[antlr-interest] simple but really messy records

Fri Feb 22 02:01:44 PST 2008

I'm trying to decide whether ANTLR is appropriate for something.

I'm trying to clean up several million one-line fixed-length records
from an IBM AS/400. They're entered by humans and are very messy, but
the vast majority do have some structure that can be recognized and
parsed, say, by regular expressions. I just need to decide which part
of the line represents a name, which represents a date, etc. I could
write maybe 100 regular expressions and apply them until I got a match
to recognize most of them. But I think this does a lot of the same
work over and over, making it slow. I might be able to write a truly
horrendous regular expression that doesn't redo as much work, but it'd
be hard to maintain. I think maybe ANTLR's memoize might help a lot.

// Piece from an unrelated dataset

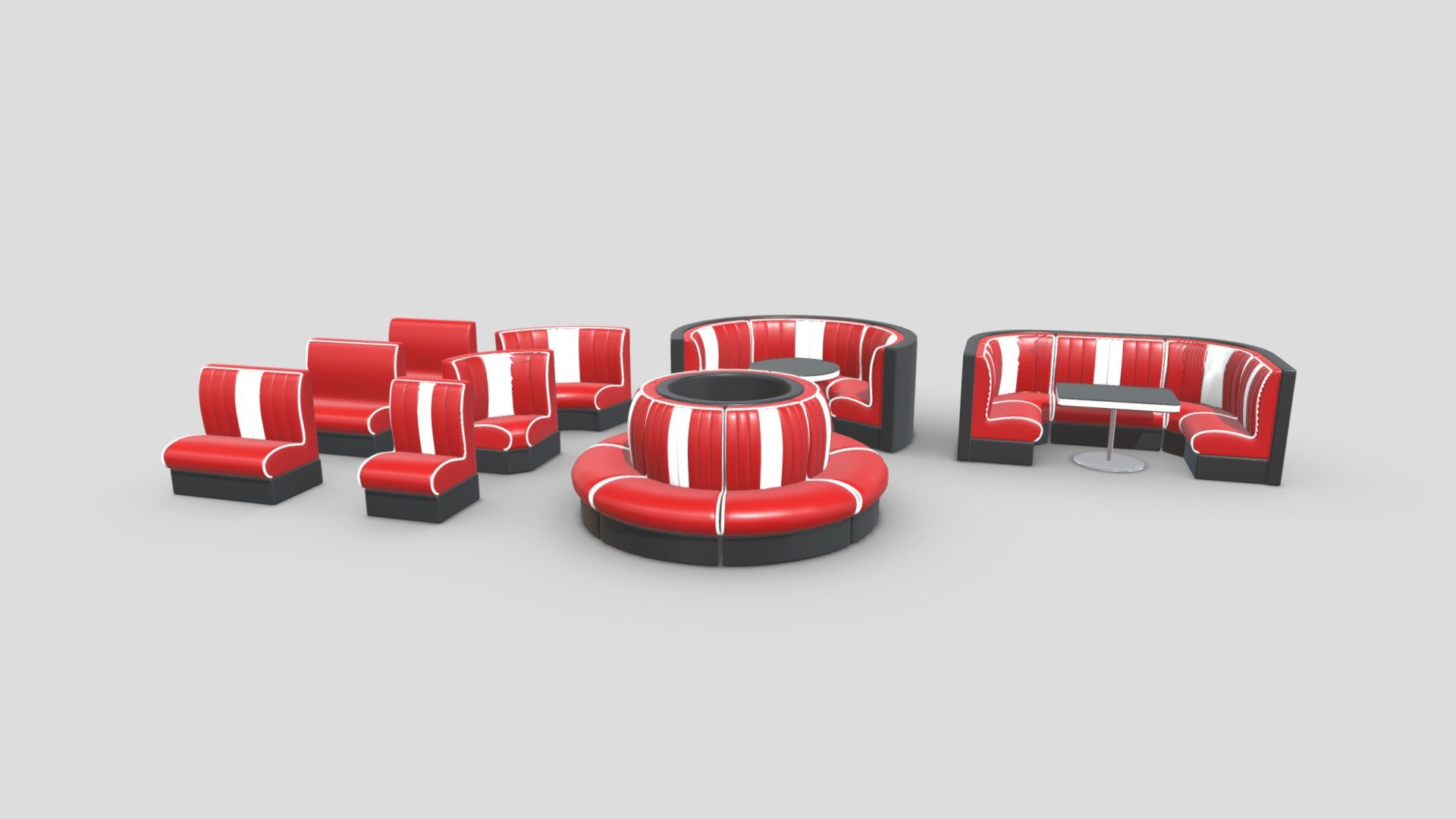 Retro diner booth 3D model collection that I made using Blender. It includes several variations of booths ready to be used in any diner or restaurant related scene. Each model uses materials that have been baked into their own PBR material.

But the only token I can think to make is CHARACTER. Sometimes a date
looks like 2008-02-22, but something that looks that way isn't
necessarily a date, so I don't want to make a token for it. Usually if
you see 'int' or whatever, you can say without hesitation that means a
certain thing and can generate an appropriate token, but I don't think
I can here. There aren't any keywords. I basically want to use ANTLR
as if it was a way of building a regex that would be way too difficult
to make/maintain by hand.

So people with a lot of experience, please say whether using ANTLR is
probably good or probably bad. If probably bad, are there more
appropriate technologies? Thank you.